Mohamed Lamine Sy Savané :
Je crois fermement que la souveraineté minérale ne doit pas être perçue comme un repli, mais comme une opportunité de bâtir des partenariats plus équilibrés et durables. Le gouvernement guinéen, sous l’impulsion de Son Excellence Monsieur le Président de la République, œuvre à repositionner notre pays comme une puissance minière responsable, capable de transformer localement ses ressources pour créer de la valeur ajoutée.
Cela se traduit par des réformes normatives ambitieuses, un cadre juridique plus stable, et des incitations ciblées destinées aux investisseurs qui partagent cette vision de transformation. Nous ne cherchons pas à exclure, mais à co-construire : attirer des partenaires engagés pour la souveraineté économique de la Guinée, tout en maintenant un climat des affaires compétitif, sûr et prévisible.
Un ancrage local renforcé des bénéfices miniers
Guineemining.info : La Guinée attire aujourd’hui de grands projets internationaux. Quels mécanismes sont mis en place pour que les communautés bénéficient plus directement de cette dynamique minière ?
Mohamed Lamine Sy Savané :
La légitimité de l’action publique dans le secteur minier repose sur sa capacité à produire des effets tangibles pour les populations locales. C’est dans cette optique que l’État guinéen a renforcé l’encadrement des retombées communautaires.
Nous avons mis en place des instruments tels que le Fonds de Développement Économique Local (FODEL) pour les collectivités abritant des opérations minières, et le Fonds National de Développement Local (FNDL) pour un développement plus équitable à l’échelle du pays.
Les collectivités sont également responsabilisées dans la gestion des redevances minières, et les plans de développement communautaire font désormais l’objet d’un suivi plus rigoureux. À la Primature, nous veillons à ce que chaque projet structurant intègre des mesures fortes d’insertion locale, de formation professionnelle et d’accès aux opportunités économiques pour les jeunes et les femmes.

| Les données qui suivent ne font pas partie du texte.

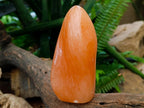 Polished Orange Twist Calcite Standing Free Forms x 2 From Maevantanana, Madagascar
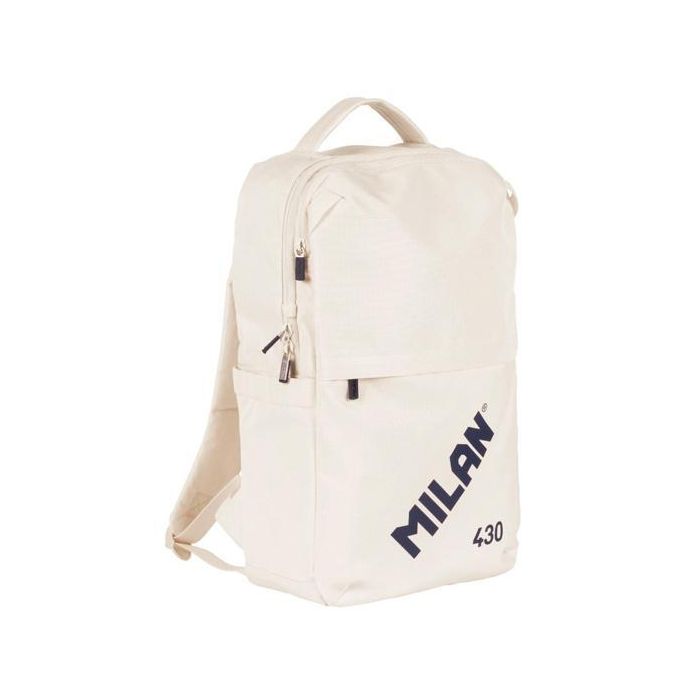 Milan Mochila Urbana Compacta Con Cierre De Seguridad 15 L Colección 430 Since 1918 Beige
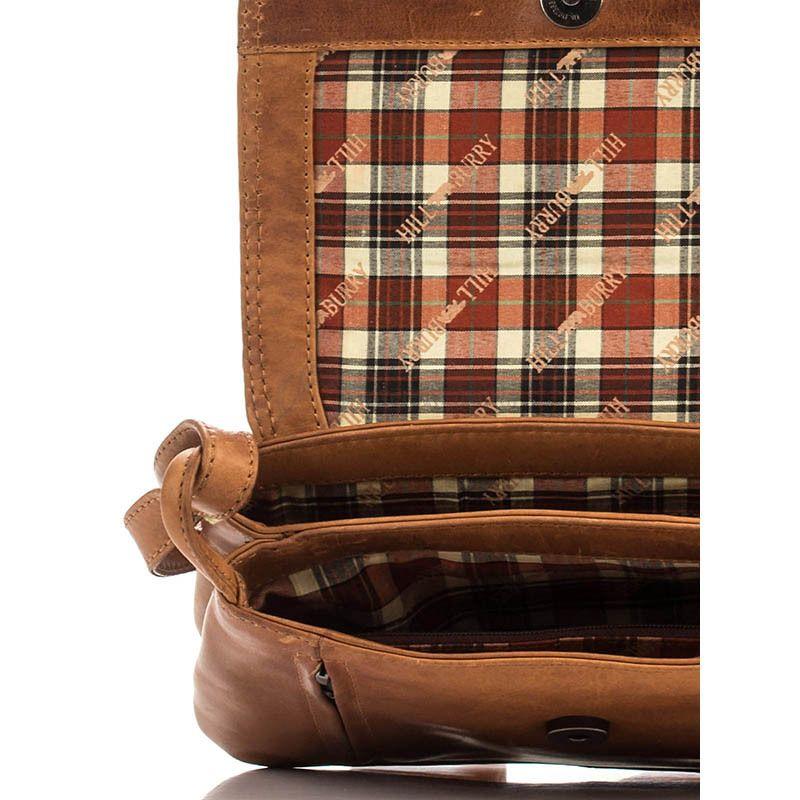 Жіноча шкіряна сумка HILL BURRY Коричневий (3182_brown)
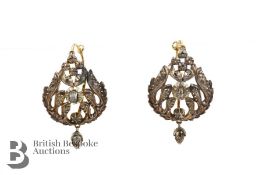 Antique Diamond Earrings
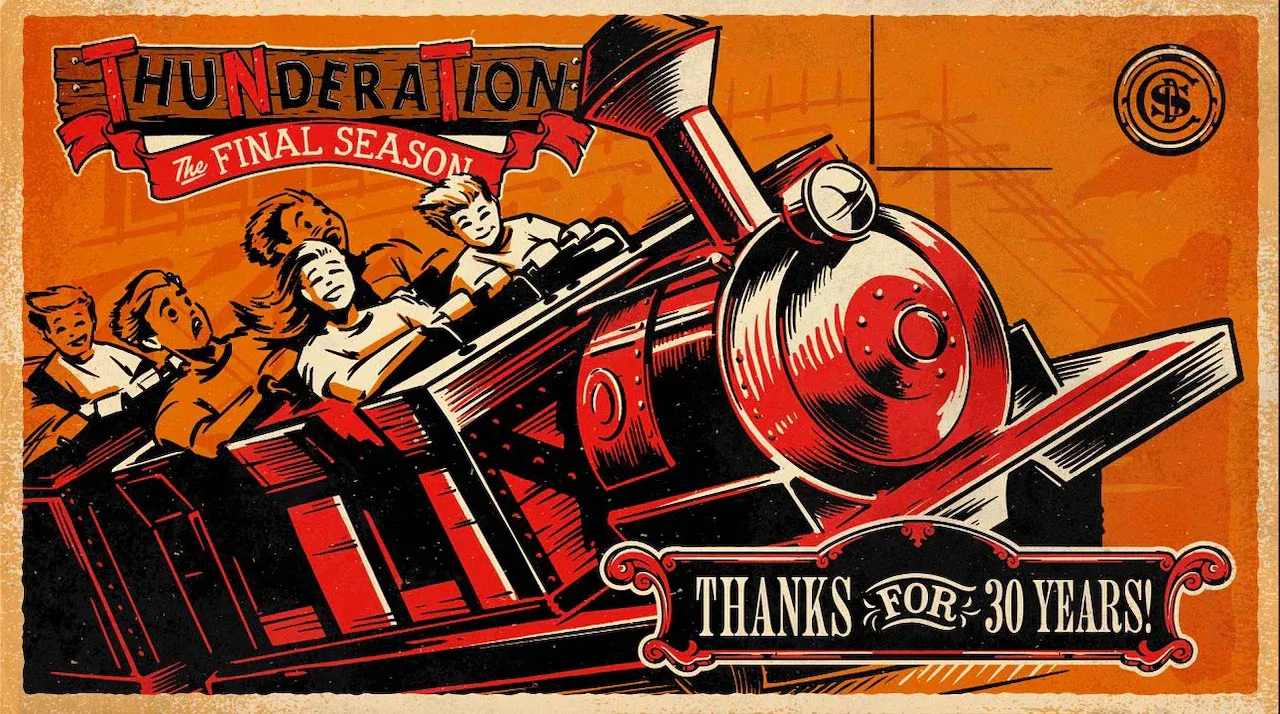 Silver Dollar City's Thunderation Roller Coaster to Close After 33 Years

Notre ambition est claire : faire des communautés des actrices à part entière du développement minier.
Des plateformes de projection stratégique pour la Guinée
Guineemining.info : Quel rôle jouent les grandes rencontres internationales dans le renforcement de la stratégie minière et économique guinéenne ?
Mohamed Lamine Sy Savané :
Ces plateformes sont aujourd’hui des espaces essentiels de diplomatie économique. Elles permettent aux États de projeter leur vision stratégique, de valoriser leur attractivité et de nouer des alliances gagnant-gagnant.
Pour la Primature, elles représentent des leviers pour défendre un discours cohérent sur nos réformes, renforcer le dialogue public-privé, et rencontrer des partenaires techniques, financiers et institutionnels.
Nous les utilisons également pour repositionner des projets intégrés majeurs comme Simandou sur l’échiquier international, tout en faisant entendre la voix de la Guinée dans les débats mondiaux sur la gouvernance des ressources naturelles.
Vers une gouvernance africaine des ressources
Guineemining.info : En quoi les discussions autour de la souveraineté minière prennent-elles une dimension panafricaine aujourd’hui ?
Mohamed Lamine Sy Savané :
La souveraineté minière ne peut plus être pensée uniquement à l’échelle nationale. Elle appelle une réponse continentale, structurée et concertée. Les enjeux comme la transition énergétique, les critères ESG, ou la création de chaînes de valeur industrielles africaines exigent une solidarité stratégique entre États.
L’Afrique ne peut plus être réduite à un simple réservoir de matières premières. Elle doit désormais s’affirmer comme un acteur de la recomposition économique mondiale. Cela suppose une gouvernance collective ressources, des mécanismes partagés et des partenariats fondés sur le respect mutuel et la co-construction.